Les réunions importantes se succèdent à un rythme tel et
Bush vole et parle à une telle vitesse qu’il est quasiment
impossible de suivre. En voyage à Sydney, il a fait une
escale de plusieurs heures rien moins qu’en Irak. Je ne
saurais affirmer si ça s’est passé voilà deux ou trois
jours, parce que, quand il est jeudi à Sydney et que les
rayons du soleil y tombent presque à la verticale, il est
encore mercredi à La Havane qui reçoit l’air frais du soir.

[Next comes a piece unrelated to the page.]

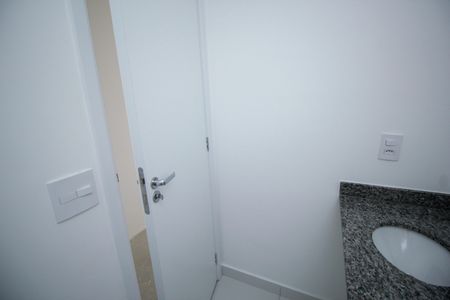Apartamento à venda com 57m², 2 quartos e 2 vagasLavabo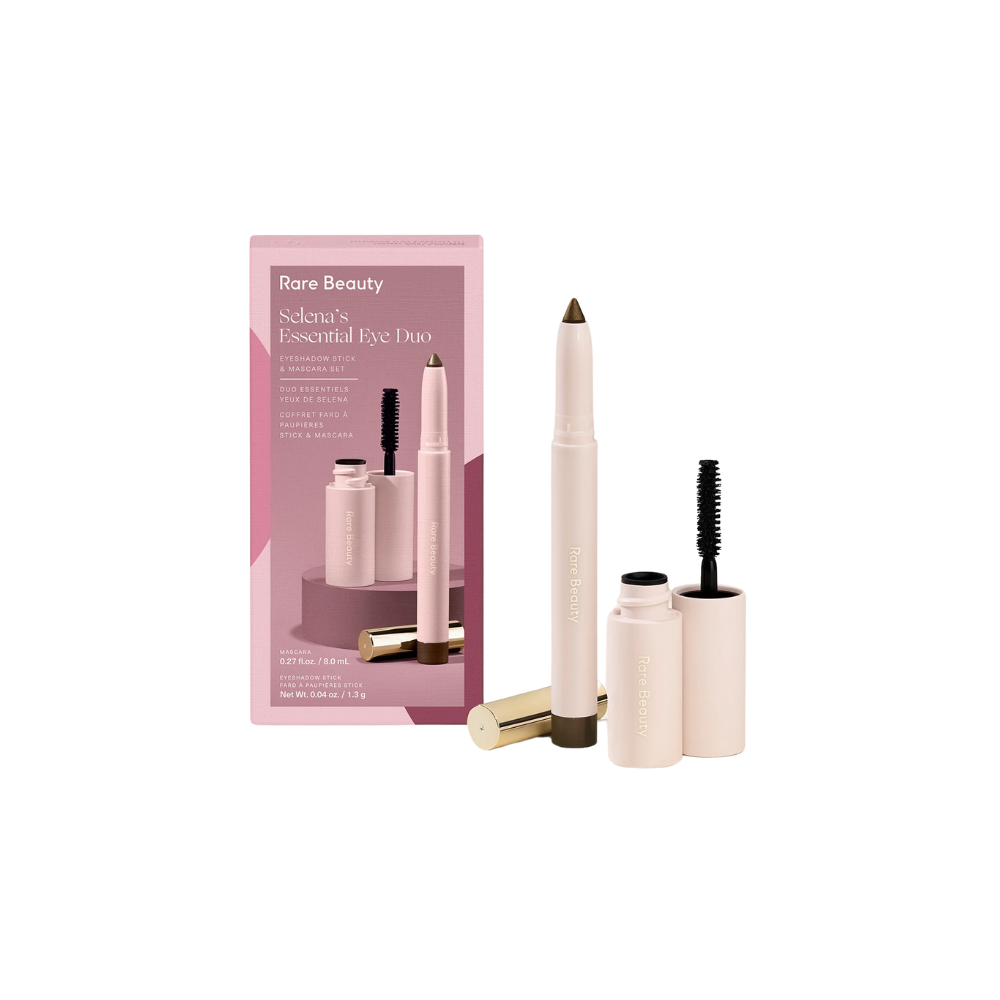 SET - SELENA'S ESSENTIAL EYE DUO RARE BEAUTY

La planète Terre mondialisée modifie et transforme les
concepts. Seule une réalité reste inchangée : le réseau de
bases militaires, aériennes, navales, terrestres et
spatiales de l’Empire, toujours plus puissant et toujours
plus fragilisé.
Il n’est pas besoin de faire de grands efforts pour s’en
persuader. Laissons parler l’agence de presse étasunienne
elle-même :
« SYDNEY, Australie (AP). Le président des Etats-Unis George
W. Bush a demandé ce mercredi aux pays du bassin du
Pacifique de combattre de concert le réchauffement global et
affirmé que la Chine et d’autres nations responsables de la
pollution environnementale devaient participer à une
solution efficace.
« Bush a appuyé une proposition de l’Australie demandant que
les pays de l’APEC (Coopération économique de l’Asie-Pacifique,
ou C.E.A-P.) soutiennent une nouvelle approche face au
problème des changements climatiques.
« Cette approche, à la différence du Protocole de Kyoto que
les Etats-Unis et l’Australie ont refusé de signer, exige
une action plus résolue de la part de la Chine et d’autres
pays en développement.
« "Pour pouvoir mener une politique efficace face aux
changements climatiques, la Chine doit être à la table de
conversations", a dit Bush lors d’une conférence de presse
aux côtés du Premier ministre australien, John Howard. Tous
deux ont émis un communiqué conjoint dans lequel ils se
disent partisans de l’énergie nucléaire, des nouvelles
technologies alternatives et d’une bonne quantité de
dialogue en vue de réduire le réchauffement global.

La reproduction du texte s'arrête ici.